The “benefit” of Fractional Reserve Banking, is where I fundamentally disagree with Mr Clark.  A basic understanding of the reasons behind the Bank Charter Act of 1844, will lead to an entirely different conclusion.  In addition, it is a generally accepted view that the unrestrained lending capacity of the banks was what caused the current and continuing crisis, in the first place.



Sir Mervyn King, Governor of the Bank of England said on 19th October 2010:



“The Bank of England’s key role has always been to ensure that the economy is supplied with the right quantity of money – neither too little nor too much.  For fifty years my predecessors struggled to prevent there being too much, so leading to inflation.  I find myself in the opposite situation having to explain that there is too little money in the economy.”



The Austerity policies of the Government are inevitably reducing the amount of money in the Economy, the exact opposite of what is, according to the Governor of the Bank of England, required right now.
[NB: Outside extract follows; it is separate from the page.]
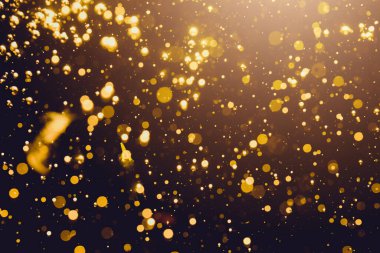 Siyah arkaplan ile soyut altın bokeh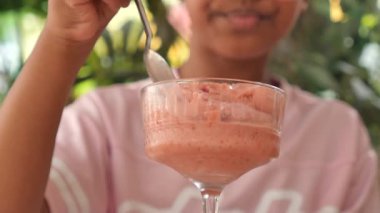 Genç bir kız dışarıda otururken kremalı çilekli tatlının tadını çıkarıyor..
The statement in the fifth paragraph, “the current system does not permit the uncontrolled expansion of the money supply”, is demonstrably untrue.  I attach a graph which shows the money supply [M4] from 1963 to 2011 [Source: Positive Money/Bank of England].  Ben Dyson, Director of Positive Money, said in his opening statement of the 2013 Conference:



“This [see attached graph] does not look like a money supply that has been controlled … this is something that is out of control”.



In fact, an almost identical letter to the one from the Rt Hon Gregg Clark is in Ben Dyson’s opening statement to Positive Money’s Conference 2013.  Ben Dyson explains the problems with this “copy and paste” response from The Treasury.



I would strongly recommend that you start talking to Positive Money, the New Economics Foundation and the few MPs who understand their research, like:

Michael Meacher MP

Steve Baker MP

This YouTube video is a good introduction to Positive Money’s research: http://www.youtube.com/watch?v=Rd9Pf3Bqp20
[Link opens in new window]



The current banking system was not designed and so, like in the 1840s, this is a great opportunity to analyse and understand what has gone wrong, rather than attempting to fix something that is fundamentally flawed.  Banking reform remains necessary because the system is still at its very heart, broken.  In addition, austerity policies are a choice which is entirely unnecessary, it’s not like there is nothing to do.



Unfortunately, the Government seems intent on trying to get the banks back to ‘business as usual’, rather than to act on the fundamental problem that caused the crash in the first place.  The banks changed from making money for their customers, to making money from their customers.



Lastly, I am again disappointed that my question was not actually answered.  Is it really acceptable to have no legal basis for 97% of our money supply?



Yours Sincerely


I confidently predict that the "deficit in thinking" will remain firmly in place and the destruction of this great nation of ours, at the hands of the Government, will continue apace.